まあいい。相手がどれだけ恥をかこうがどうでもいいことだ。
とりあえずこれで俺に対する容疑はなくなるだろう。だが、それだけではもちろん俺の気が済まない。仕返しをしなければ……。
「あの、すみません」
俺は、申し訳なさそうに、彼らに言う。
「なんだね?」
「申し訳ないんですけど、その家紋もう一度見せてくれませんか?」
俺は再度、その家紋を手に取った。
「あ、やっぱりだ!」
「どうした?」
俺の大げさな演技に、相手が食いつく。
「俺、この家紋の家がどこなのか知っていますよ!」
「何?! それは本当かね?」
「はい! 確か、俺の幼馴染のマーチィン家の家紋とそっくりですよ! うん、間違いないです。えっと、そういえば、どうしてこの家紋の家を探しているんでしたっけ?」
「いや、君は知らなくてもいいことだ。その家がどこにあるのか、教えてくれてもいいかな?」
「もちろんです!」
俺は颯爽と、家を飛び出す。
「付いて来て下さい!」
家を出る瞬間、シャルと目があったので、俺は彼女に笑顔を見せた。なんとも嫌らしい笑みを。
「ここです!」
俺と、俺に連れられた聖騎士の三人はシャルの家の前に来ていた。
シャルは、俺たちの会話を聞いて、急いで走っていったので、おそらく家にいるだろう。
「俺がノックしてきますね!」
「いや、君は――」
相手の了承の言葉を待たずに、俺はドアをノックする。
「シャルー、いるんだろう? なんか、お前に聞きたいことがあるってさあ」
尋ね相手を完全にシャルにロックオンする。これで、彼女の両親が出てくることはない。
ドンドンドン!
俺は結構きつくドアを叩く。
「いや、君そこまでしなくても」
聖騎士のうちの一人がそういうが、俺は無視した。
これは俺からシャルに対する警告だ。早く出てこないと、もっとひどいことになるぞ。というね。
「は、はーい」
少しして、シャルがドアを開けた。
その顔には明らかに、困惑の色が見える。だが、まだ余裕がある。
俺は彼女に心から微笑んだ。
「どうしたのヒカル……」
「こんな時間に悪いな。昼寝でもしてたろう?」
「やあね。私、そんなことしてないわよー」
「はは、そうだよなあ」
ここでの会話の心の声はこうである。
「ヒカル! どういうつもり?!」
「それはこっちのセリフだ。お前には罰を受けてもらう」
「私は、何もしてないわよ!」
「うそをつくな。
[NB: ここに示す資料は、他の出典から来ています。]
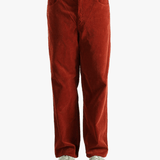 Red pants worn by a person, showing the pants fit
俺にはすべてお見通しだ!」
若干の脚色はあるが、こんなものだろ。
「ほら、お前にお客さんだぞ」
俺は、聖騎士の三人に、道を譲った。
「あなたが、シャル・マーティンさんですね?」
「あ、はい。そうです」
俺はシャルの様子を観察する。
おそらく、彼女は、普通に家の家紋を見せれば違うことがわかり、事なきを得ると思っているのだろう。
――だが、甘い。
俺はこの聖騎士三人にとある催眠をかけた。これから見るすべての家紋が、彼らが持っている家紋と同じに見えるというものだ。
これで、シャルが第一容疑者だ。
しかも、シャルには決定的な証拠がある。あの血まみれの服だ。
まさか、この短時間で処理できてはいないだろう。
それに自分でも一張羅だと言っていた。こんな田舎では簡単に新しい服なんて買えない。だから、後で洗うために、必ず残しているはずである。
――詰みだ!
俺は凶悪な笑みが出るのを必死で抑えていた。
主人公、到底元勇者とは思えないですね・・・。